§ **WHAT THIS TASK INVOLVES**:
Write out exactly the lines from the one with "Summerland & Bungalows - 10" through the last line of the data below, but not the pictures.

§ **MATERIAL TO PROCESS**:
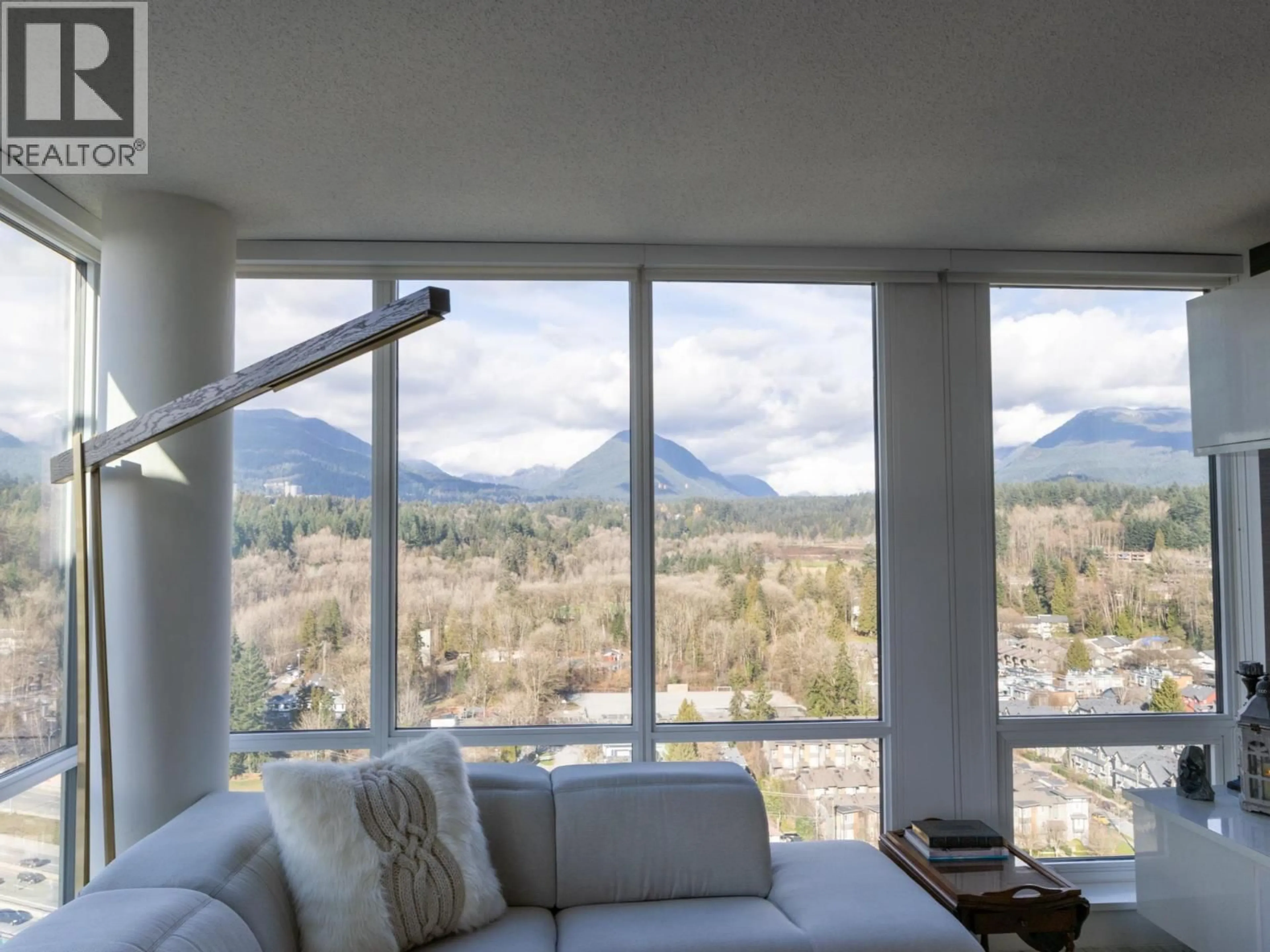 Living room with furniture, unknown for 2405 - 1550 FERN STREET, North Vancouver British Columbia V7J0A9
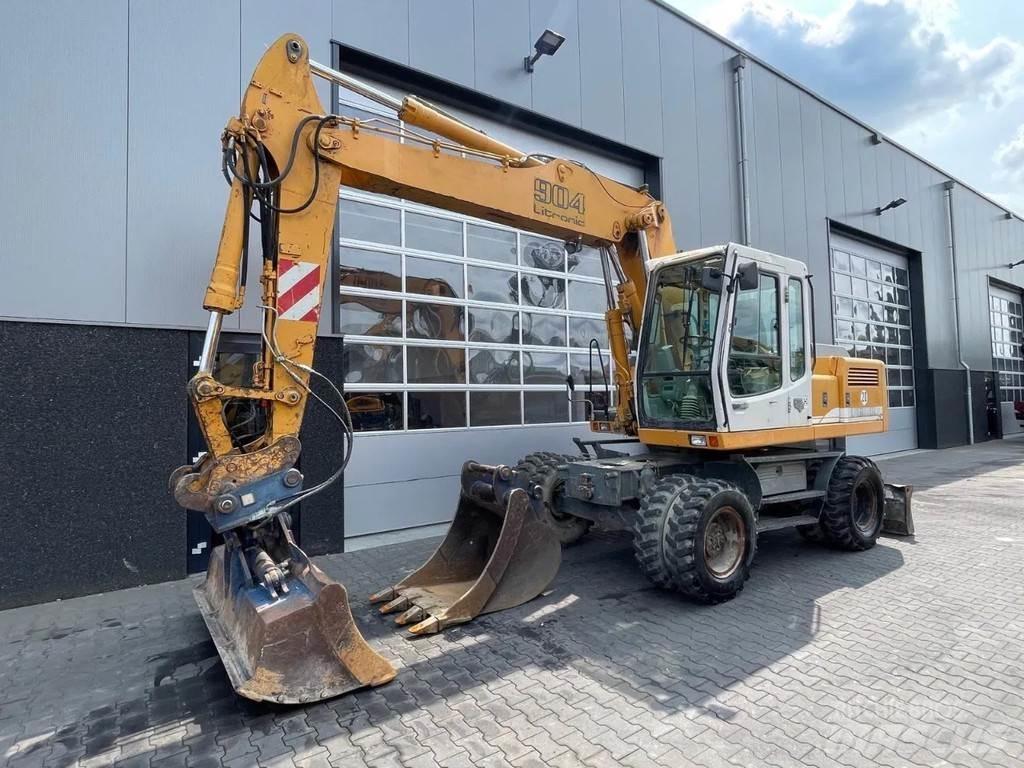 Liebherr A904C | A/C ホイール式油圧ショベル（パワーショベル・ユンボ・バックホー）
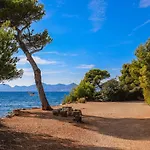 Ideal Congress And Vacation Live In Villa Parador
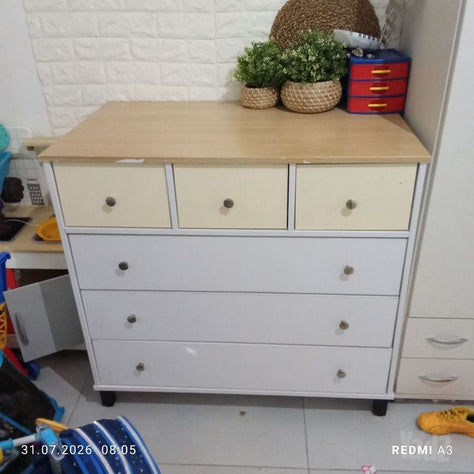 שידת החתלה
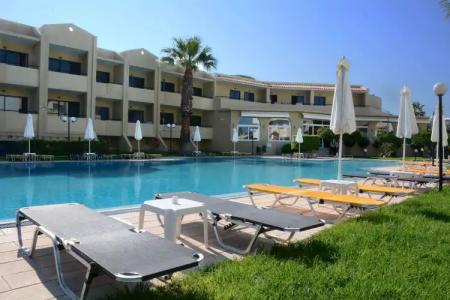 Summerland & Bungalows - 10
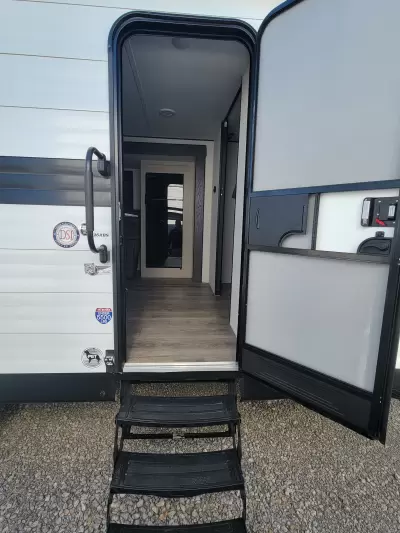 Used 2025 Coachmen RV Shasta Oasis 526RBS — photo 12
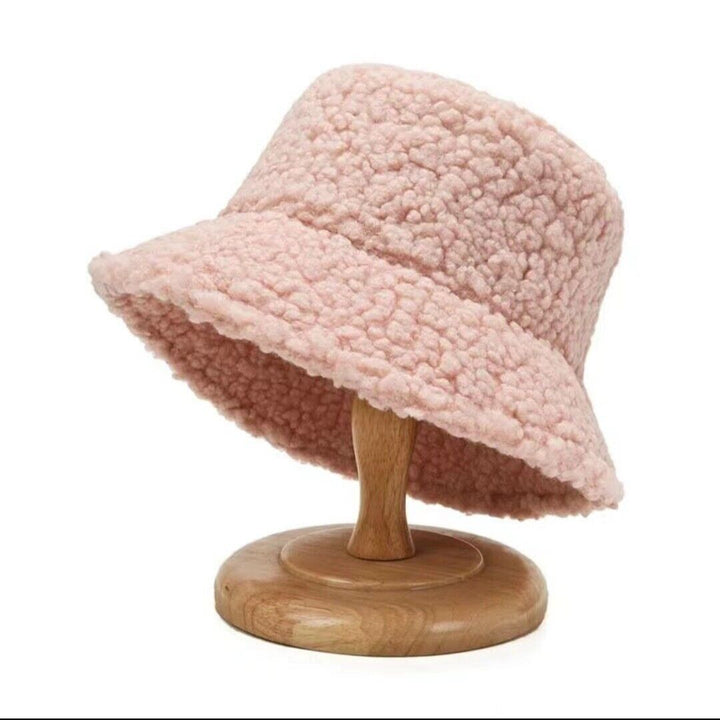 Stijlvolle Venus teddy vissershoed voor dames, comfortabel en modieus winteraccessoire.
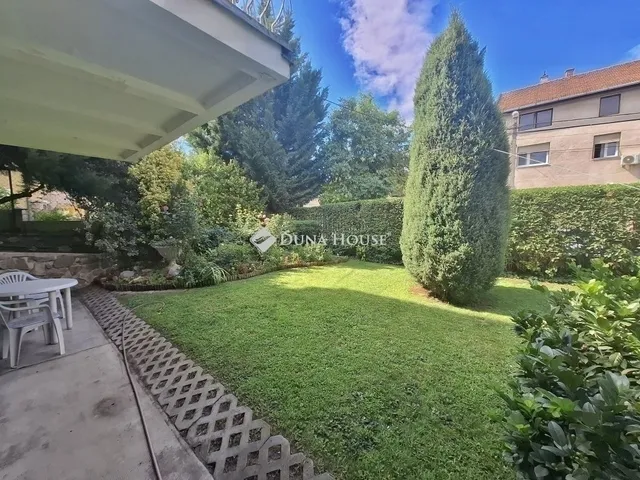 Eladó ház Budapest X. kerület, Óhegy 175 nm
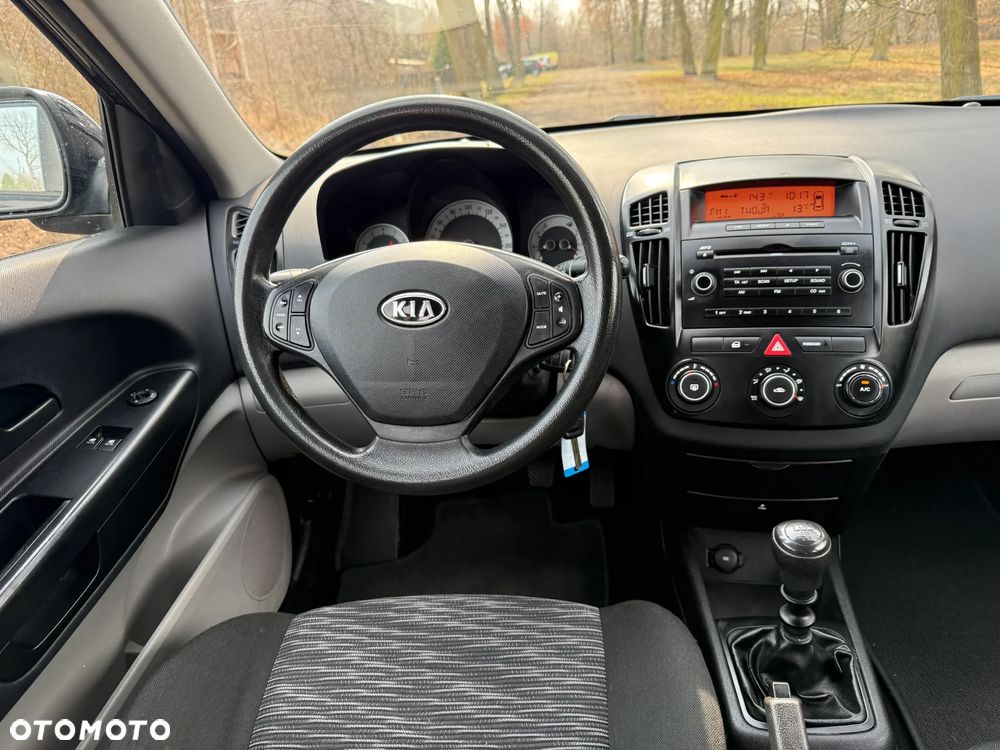 Kia Ceed 1.4 CVVT LX - 20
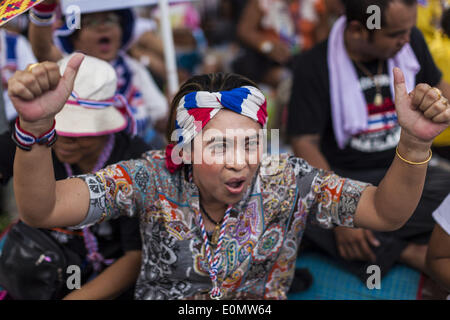 Bangkok, Thailand. 16. Mai 2014. Eine Frau Jubel für Anti-Regierungschef Suthep Thaugsuban vor dem Parlament Komplex in Bangkok. Tausende von Demonstranten aus der Volksrepublik demokratische Reform Committee (Separatistischen) umgeben die thailändische Parlament komplexe Samstag um Druck der Thai Senat eine Interims-Ministerpräsident gestürzten ehemaligen PM Yingluck Shinawatra ersetzen auswählen. Der Senat beschlossen, nicht zu eine vorläufigen PM eigene ernennen und kündigte ein Treffen mit den aktuellen Interims-Ministerpräsident. Stockfoto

§ **EXERCISE RESULT**:
 Summerland & Bungalows - 10
 Used 2025 Coachmen RV Shasta Oasis 526RBS — photo 12
 Stijlvolle Venus teddy vissershoed voor dames, comfortabel en modieus winteraccessoire.
 Eladó ház Budapest X. kerület, Óhegy 175 nm
 Kia Ceed 1.4 CVVT LX - 20
 Bangkok, Thailand. 16. Mai 2014. Eine Frau Jubel für Anti-Regierungschef Suthep Thaugsuban vor dem Parlament Komplex in Bangkok. Tausende von Demonstranten aus der Volksrepublik demokratische Reform Committee (Separatistischen) umgeben die thailändische Parlament komplexe Samstag um Druck der Thai Senat eine Interims-Ministerpräsident gestürzten ehemaligen PM Yingluck Shinawatra ersetzen auswählen. Der Senat beschlossen, nicht zu eine vorläufigen PM eigene ernennen und kündigte ein Treffen mit den aktuellen Interims-Ministerpräsident. Stockfoto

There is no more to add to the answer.